First, you have to create a dawg using DAWG_ module::
import dawg
d = dawg.DAWG(data)
d.save('words.dawg')
And then this dawg can be loaded without requiring C extensions::
import dawg_python
d = dawg_python.DAWG().load('words.dawg')
Please consult `DAWG`_ docs for detailed usage.

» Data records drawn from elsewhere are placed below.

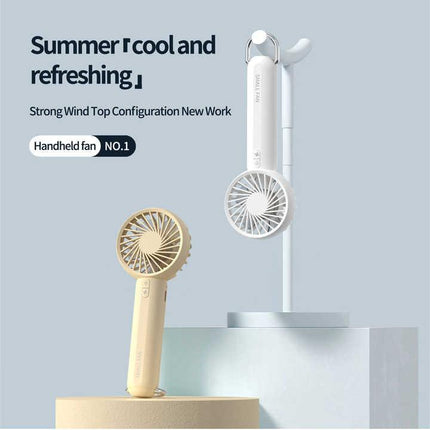 White Mini Handheld Rechargeable Fan - Portable USB-Powered Cooling with Keyring.
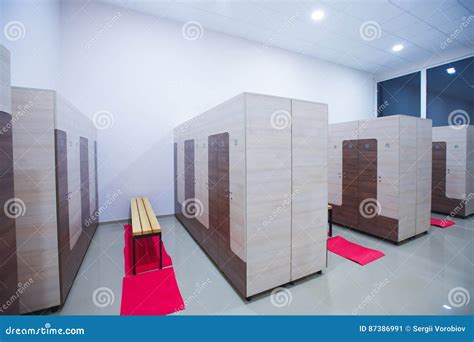 Modern Interior Of A Locker Changing Room In Fitness Center Gym Stock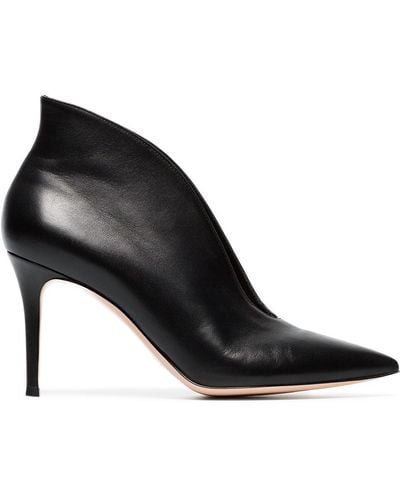 Gianvito Rossi Black Vania 85 Leather Ankle Boots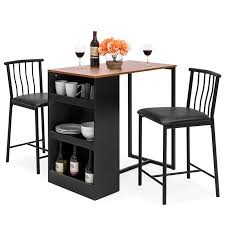 Best Choice Products 3 Piece Wooden Counter Height Dining Table Set For Kitchen Dining Room W Storage Espresso Walmart Com Kitchen Table Settings Dining Table Setting Counter Height Dining Table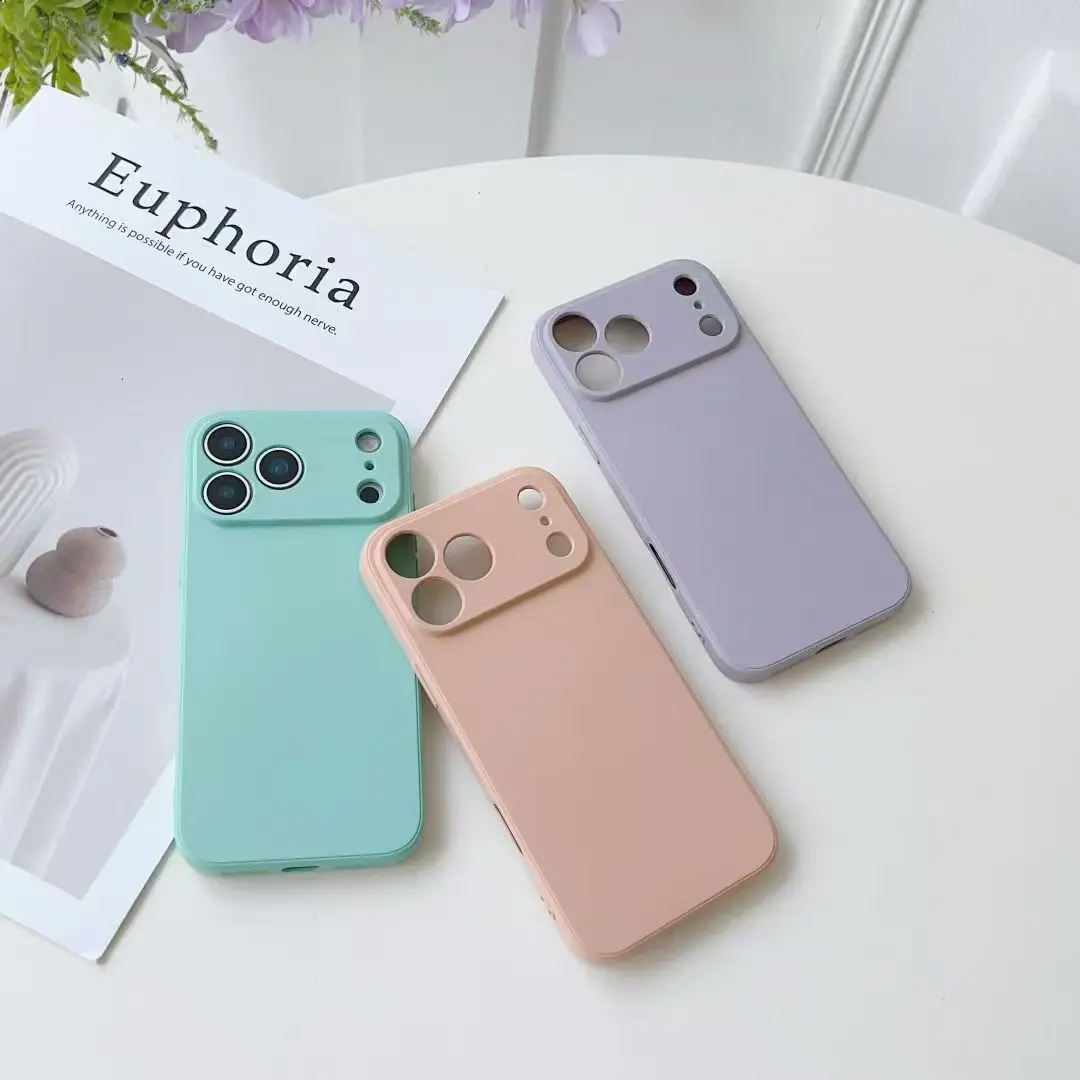 Vibrant Candy Color Silicone Phone Case with Lens Protection & Shockproof Back Cover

Some features
(like constructor parameters or ``save`` method) are intentionally
unsupported.
Benchmarks
==========
Benchmark results (100k unicode words, integer values (lenghts of the words),
PyPy 1.9, macbook air i5 1.8 Ghz)::
dict __getitem__ (hits): 11.090M ops/sec
DAWG __getitem__ (hits): not supported
BytesDAWG __getitem__ (hits): 0.493M ops/sec
RecordDAWG __getitem__ (hits): 0.376M ops/sec
dict get() (hits): 10.127M ops/sec
DAWG get() (hits): not supported
BytesDAWG get() (hits): 0.481M ops/sec
RecordDAWG get() (hits): 0.402M ops/sec
dict get() (misses): 14.885M ops/sec
DAWG get() (misses): not supported
BytesDAWG get() (misses): 1.259M ops/sec
RecordDAWG get() (misses): 1.337M ops/sec
dict __contains__ (hits): 11.100M ops/sec
DAWG __contains__ (hits): 1.317M ops/sec
BytesDAWG __contains__ (hits): 1.107M ops/sec
RecordDAWG __contains__ (hits): 1.095M ops/sec
dict __contains__ (misses): 10.567M ops/sec
DAWG __contains__ (misses): 1.902M ops/sec
BytesDAWG __contains__ (misses): 1.873M ops/sec
RecordDAWG __contains__ (misses): 1.862M ops/sec
dict items(): 44.401 ops/sec
DAWG items(): not supported
BytesDAWG items(): 3.226 ops/sec
RecordDAWG items(): 2.987 ops/sec
dict keys(): 426.250 ops/sec
DAWG keys(): not supported
BytesDAWG keys(): 6.050 ops/sec
RecordDAWG keys(): 6.363 ops/sec
DAWG.prefixes (hits): 0.756M ops/sec
DAWG.prefixes (mixed): 1.965M ops/sec
DAWG.prefixes (misses): 1.773M ops/sec
RecordDAWG.keys(prefix="xxx"), avg_len(res)==415: 1.429K ops/sec
RecordDAWG.keys(prefix="xxxxx"), avg_len(res)==17: 36.994K ops/sec
RecordDAWG.keys(prefix="xxxxxxxx"), avg_len(res)==3: 121.897K ops/sec
RecordDAWG.keys(prefix="xxxxx..xx"), avg_len(res)==1.4: 265.015K ops/sec
RecordDAWG.keys(prefix="xxx"), NON_EXISTING: 2450.898K ops/sec
Under CPython expect it to be about 50x slower.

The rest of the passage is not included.